September 2, 2021
Reliance Partners celebrates 6th-straight year on Inc. 5000 list
Agency places No. 1,559 in prestigious rankings
Reliance Partners, one of the nation’s fastest-growing commercial insurance agencies in the transportation and logistics space, has once again earned a spot on the Inc. 5000 list.
The Chattanooga, Tennessee-based company celebrates its sixth consecutive year on the list of the fastest-growing privately held firms in the U.S., ranking No. 1,559 this year for its 302% three-year growth.
“When you think of an insurance agency, images come to mind of mahogany wood walls and a bunch of people in offices, but we look quite a bit different from that, given the background of a lot of our leadership having been in a freight brokerage or trucking space,” said Reliance Partners President Chad Eichelberger, adding that the company takes risk management to the next level with a seasoned team of safety experts.

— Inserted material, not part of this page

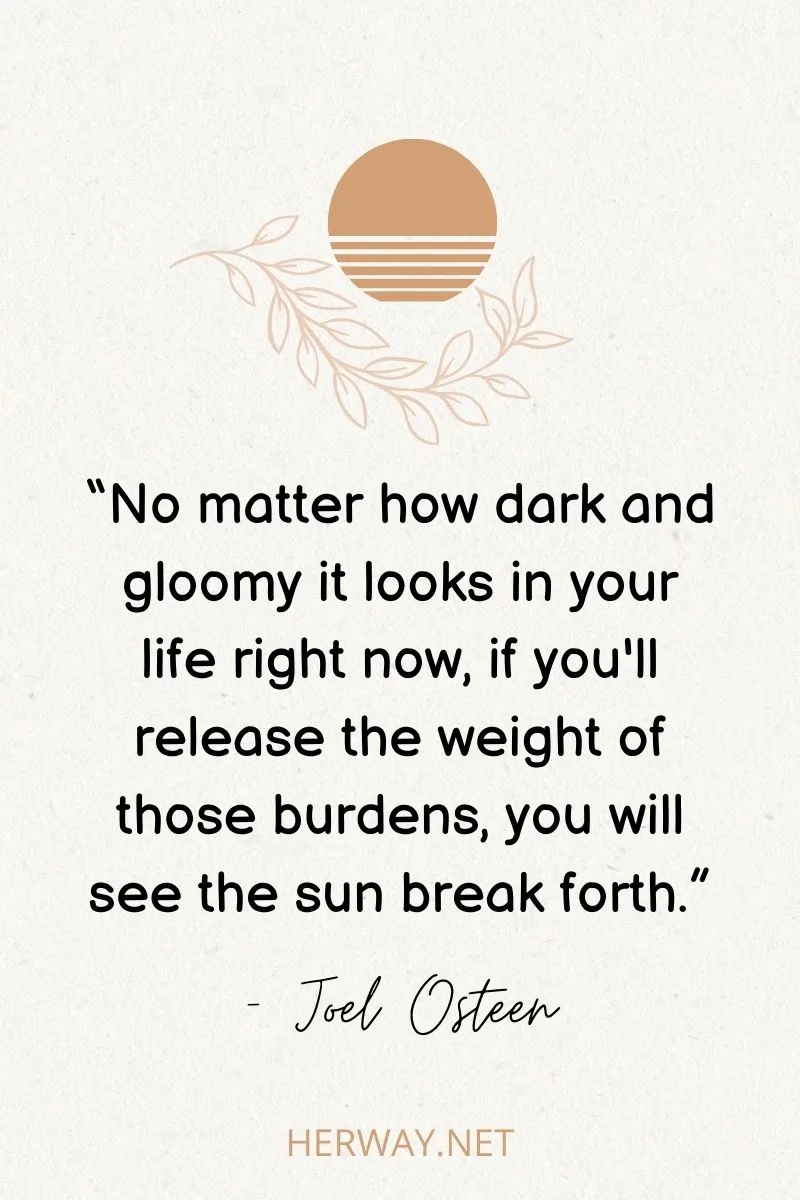 “No matter how dark and gloomy it looks in your life right now, if you'll release the weight of those burdens, you will see the sun break forth.”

“We’ve got a strong and diverse culture — one of the more diverse insurance agencies in the country — as 36% of our employees identify as a racial minority. We have 25 languages spoken within the organization and a workforce representing over 30 nationalities.”

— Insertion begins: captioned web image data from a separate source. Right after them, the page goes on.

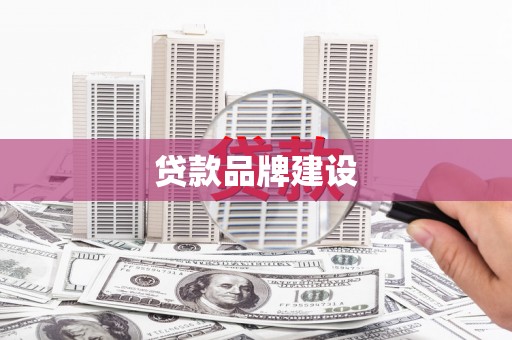 钦北贷款品牌建设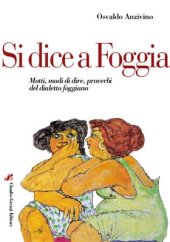 book Si dice a Foggia. Motti, modi di dire, proverbi del dialetto foggiano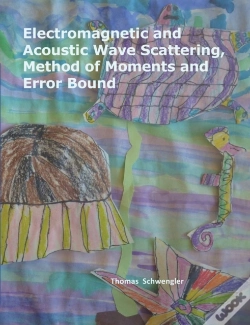 Capa do artigo Electromagnetic And Acoustic Wave Scattering, Method Of Moments And Error Bound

Eichelberger attributes the agency’s success to its sharp focus on serving only the transportation and logistics sector, unlike its other competitors at scale. Projections have Reliance Partners on pace to write around $330 million in total premiums this year.
Inc. 5000 ranks companies according to the percentage growth of their annual revenue over a three-year period, meaning 2021 listees must have been founded and generating revenue by March 31, 2017.
To qualify for Inc. 5000, companies must be U.S.-based, privately held, for-profit and independent — not subsidiaries or divisions of another company — as of Dec. 31, 2020. The minimum revenue required to make the list in 2020 was $2 million.
2021 has been an ambitious year for Reliance Partners, as it recently moved to a new headquarters in downtown Chattanooga. “We’ve made big investments this year in both our physical office locations and in personnel,” Eichelberger said.
Reliance Partners also rolled out usage-based logistics insurance solutions this year, allowing freight insurance to be booked on a per-load basis and distributed through a TMS or load board.
“From a technology standpoint, there’s a lot of opportunity in the insurance industry in terms of more automation and utilization-based programs, so we’re trying to be at the forefront of that innovation; we feel that we’re positioned well to have success in that area,” Eichelberger said.
In addition, the agency broadened its insurance offerings through the acquisition of Borderless Coverage, a North American cross-border insurance provider. Reliance Partners now offers automated, cross-border and Mexican cargo insurance to carriers, brokers and shippers with full coverage from the moment of pickup until final delivery without any disruptions of coverage at the border.
“Reliance Partners has a large presence in Texas — it’s our largest state in terms of total written premiums, so the opportunity to acquire Borderless Coverage was very synergistic and just made a lot of sense on paper,” Eichelberger said. “We view cross-border trade between the U.S. and Mexico as an area that’s going to grow significantly; we’re bullish on that market.”
Maintaining a high ranking on the Inc. 5000 list isn’t an easy task, but Eichelberger expressed confidence in Reliance Partners’ workforce, believing employees’ dedication to serving the trucking industry will further build on the agency’s success.
“We’re projecting to write around $480 million in total premiums next year, so we’ll certainly continue to grow and make the list for years to come,” Eichelberger said.